*Panggung Sastra Jadi Ruang Ekspresi Seniman Lokal
Penampilan Agustav Triono
PURBALINGGA, EDUKATOR–Meski hujan mengguyur malam itu, semangat para pegiat seni sastra di Purbalingga tak surut. Mereka memenuhi Rumah Budidoyo, Desa Kalikajar, Kecamatan Kaligondang, untuk menghadiri Panggung Sastra Bulan Bahasa yang digelar oleh Komunitas Teater Sastra Perwira (Katasapa) Purbalingga, Sabtu malam (18/10/2025).
Acara yang dimulai pukul 20.00 WIB ini menjadi ajang perayaan kreativitas dalam rangka memperingati Bulan Bahasa dan Sastra.
Ketua Katasapa, Agustav Triono, menegaskan bahwa kegiatan ini merupakan bentuk partisipasi komunitas seni dalam menjaga semangat kebahasaan dan kesusastraan nasional.
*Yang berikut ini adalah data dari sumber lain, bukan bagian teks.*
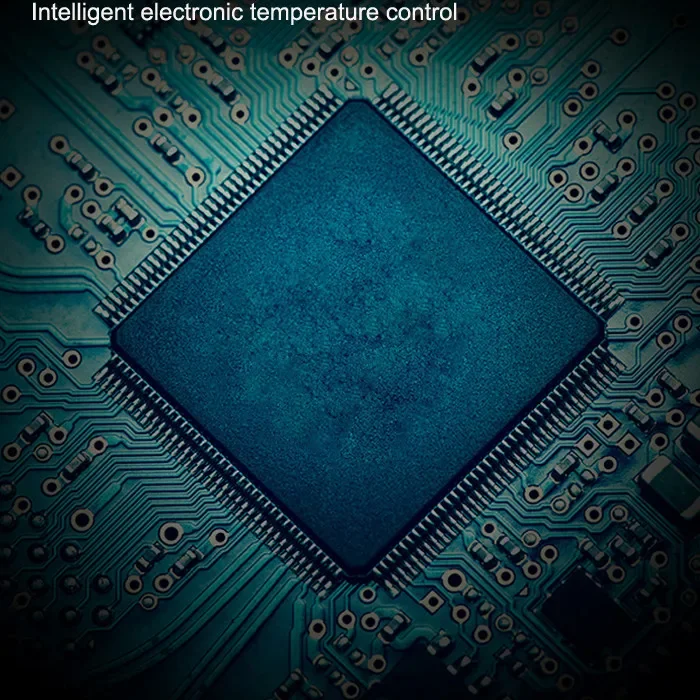 Electric Glass Panel, 2000W, Wall, WIFI - detail 16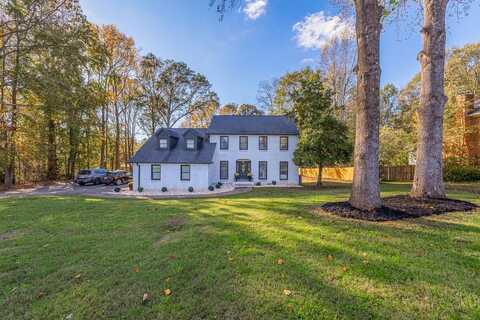 204 Thornhill Drive, Spartanburg, SC 29301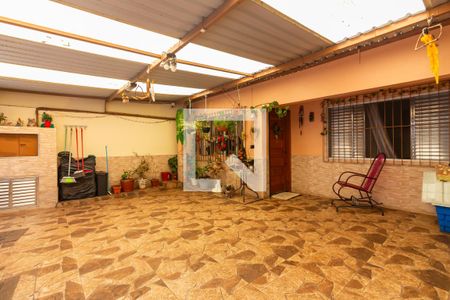 Casa à venda com 192m², 4 quartos e 2 vagasGaragem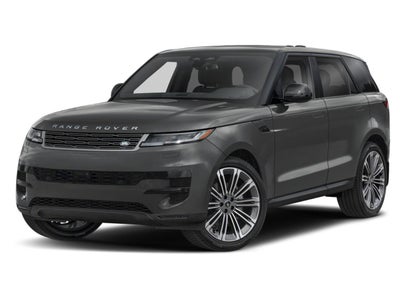 2024 Land Rover Range Rover Sport P360 SE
“Salah satu ikrar Sumpah Pemuda adalah menjunjung bahasa persatuan, Bahasa Indonesia. Oktober dirayakan sebagai Bulan Bahasa dan Sastra untuk mengenang peran besar bahasa Indonesia sebagai pemersatu bangsa,” ujarnya.Penampilan Trisnanto Budidoyo
Menurutnya, Panggung Sastra menjadi ruang bagi seniman lokal untuk mengekspresikan diri sekaligus menghidupkan kembali gairah berkesenian di daerah.
Koordinator acara, Deka Aepama, menjelaskan bahwa Panggung Sastra menampilkan berbagai bentuk pertunjukan seperti pembacaan puisi, monolog, dramatik reading, serta diskusi seni dan sastra.
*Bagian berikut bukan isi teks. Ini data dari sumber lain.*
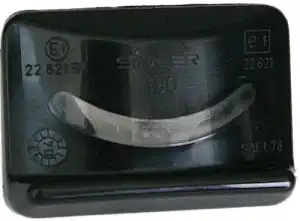 Фонарь габаритный PRO-PARTS 34430055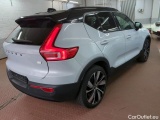  Volvo  XC 40 RECHARGE 78 KWH TWIN MOTOR  38 #2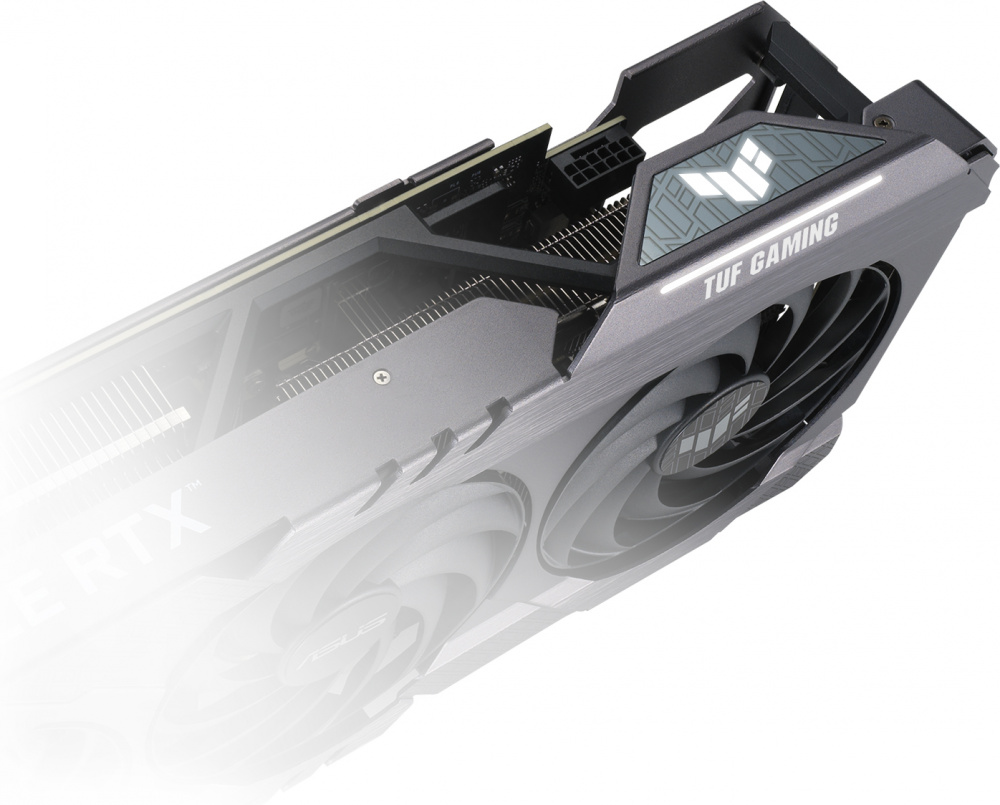 Відеокарта ASUS GeForce RTX 4090 24GB TUF Gaming (90YV0IY3-M0NA00)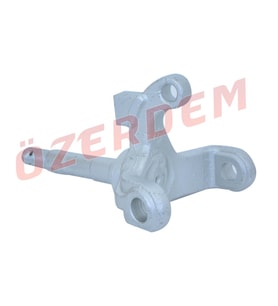 Atv Ön Akson Kampanalı Tip Sol Öm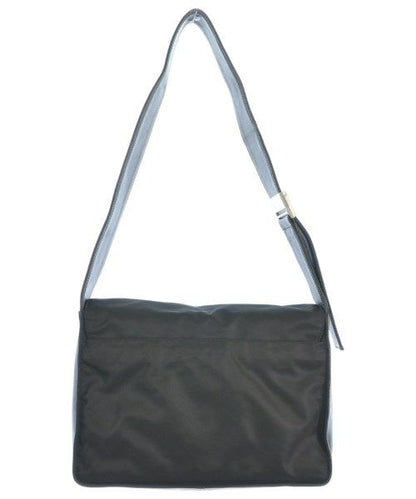 Prada Shoulder Bag Black — view 2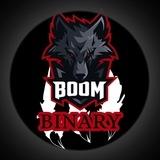 BOOM BINARY OPTION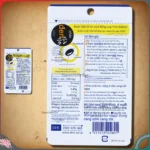 Viên uống tỏi đen DHC 20 ngày gói 60 viên - Ảnh 2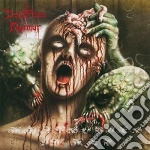 Disastrous Murmur - Rhapsodies In Red cd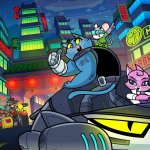 The Nine Lives of Claw - TheTVDB.com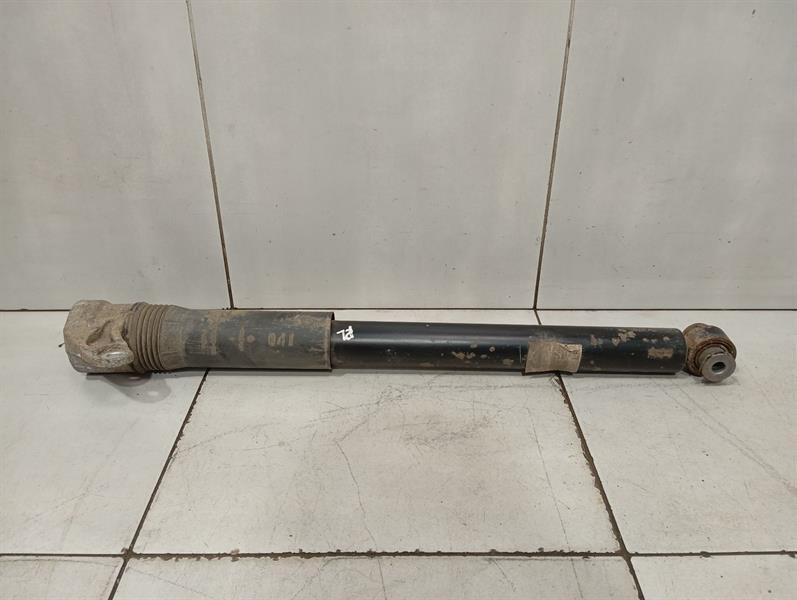 Jaguar I-Pace 2018-2024 JAGUAR i-PACE X590 shock absorber rear J9D3-18W002-AC shock absorber rear LEFT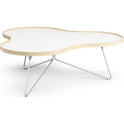 Flower Table 107x114 Cm H39 Cm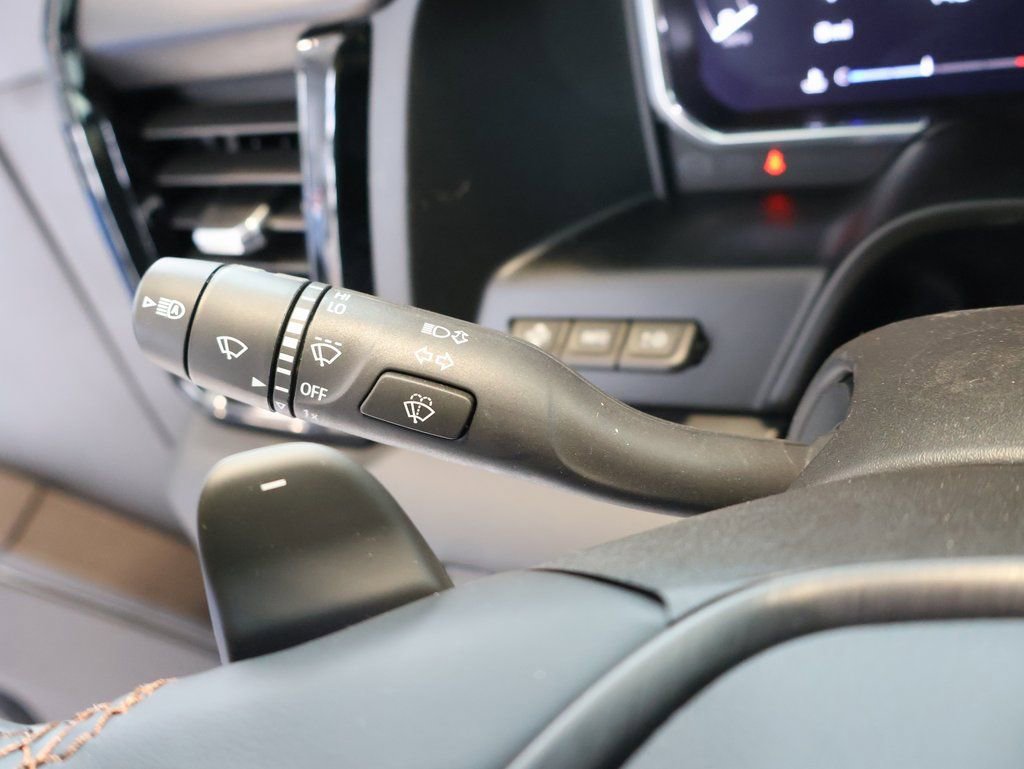 New 2026 GMC Sierra 1500 AT4 w/ Technology Package image 19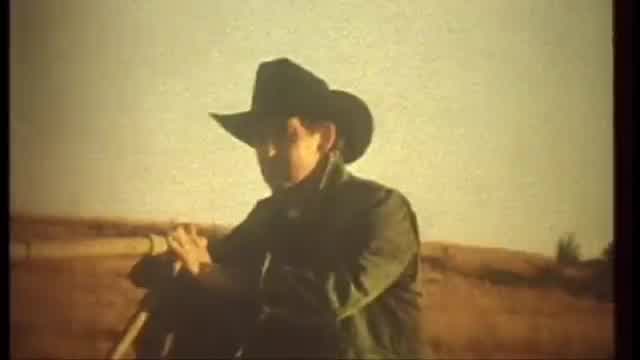 Lee Kernaghan - The Way It Is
“Rumah Budidoyo bisa menjadi tempat alternatif baru bagi pegiat seni untuk mengekspresikan sekaligus mengapresiasi karya-karya mereka,” tuturnya.
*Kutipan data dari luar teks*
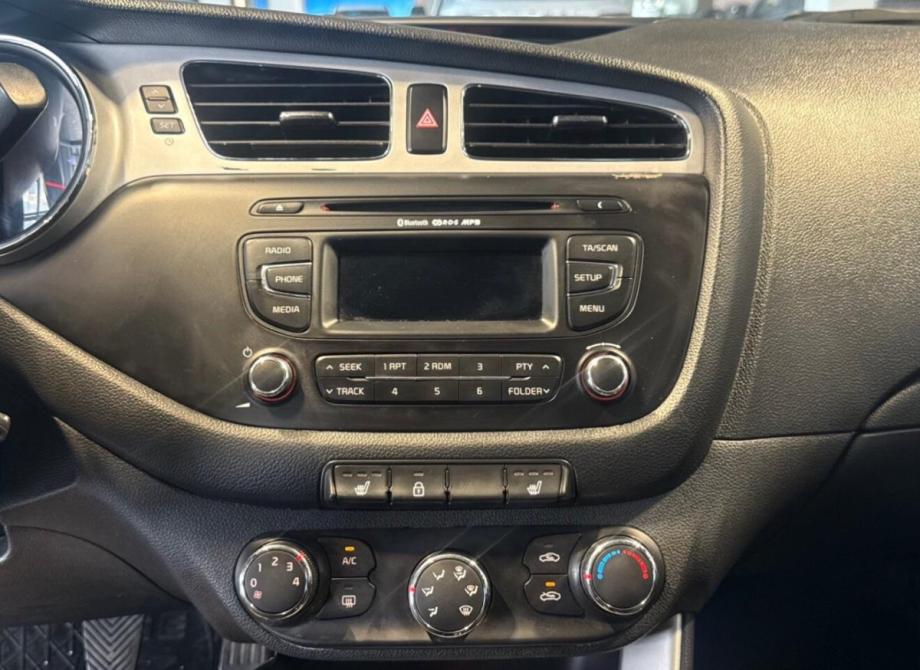 Kia Ceed II Екатеринбург  - изображение 11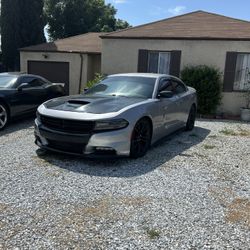 2016 Dodge Charger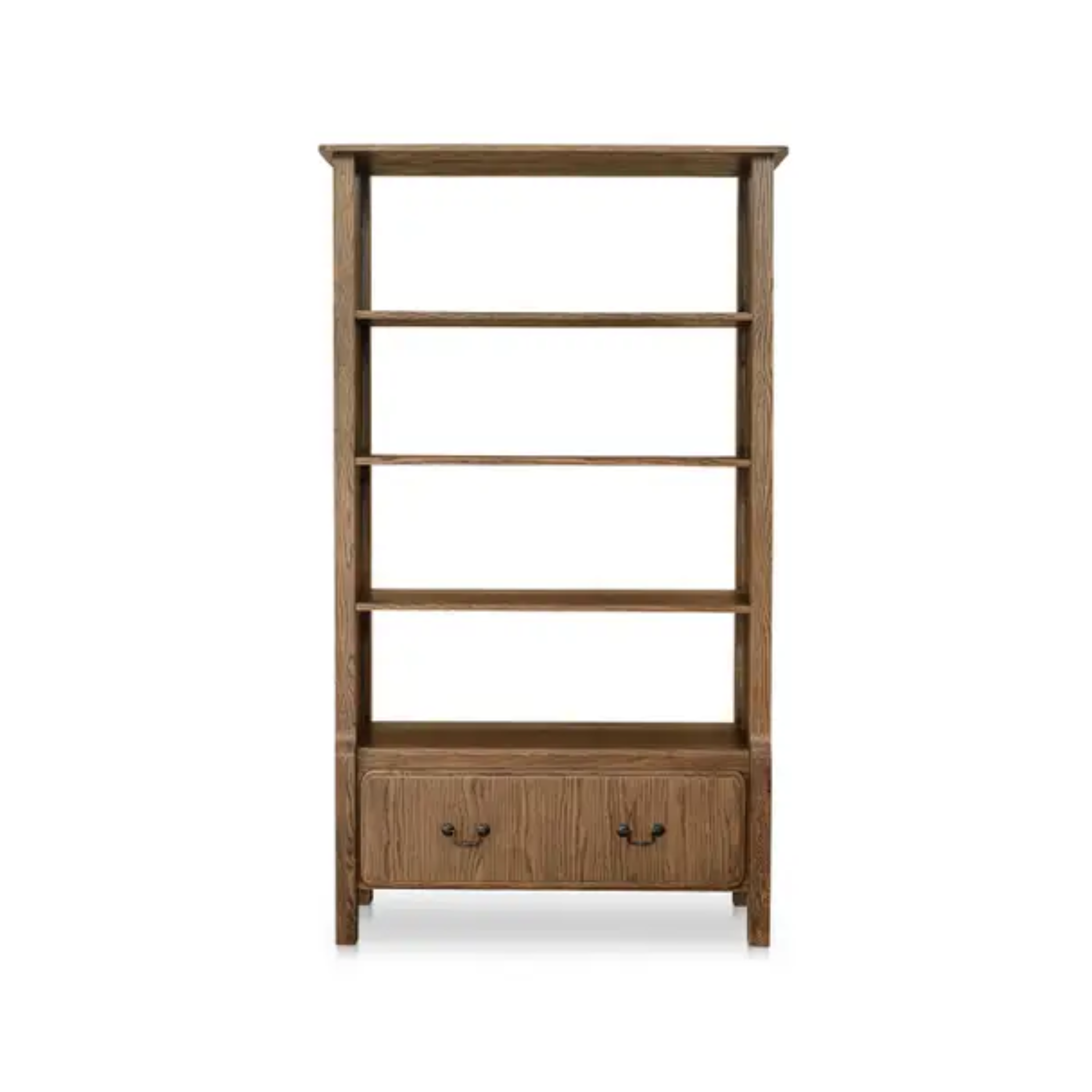 Claude Bookcase - Rug & Weave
Acara dibuka dengan sambutan Agustav Triono yang membacakan puisinya Anak-anak Bernyanyi di Jalanan, disusul penampilan Deka Aepama dengan Sajak Sebatang Lisong karya WS Rendra, dan penyair muda Ikrom Rifa’i yang turut membacakan puisinya sendiri.
Sorotan utama malam itu adalah monolog Putri Marila, pegiat teater muda Purbalingga yang membawakan Balada Sumarah karya Tentrem Lestari.
Pementasan tersebut menggambarkan perjuangan perempuan bernama Sumarah yang menghadapi ketidakadilan sejak masa pasca-1965 hingga menjadi tenaga kerja di luar negeri.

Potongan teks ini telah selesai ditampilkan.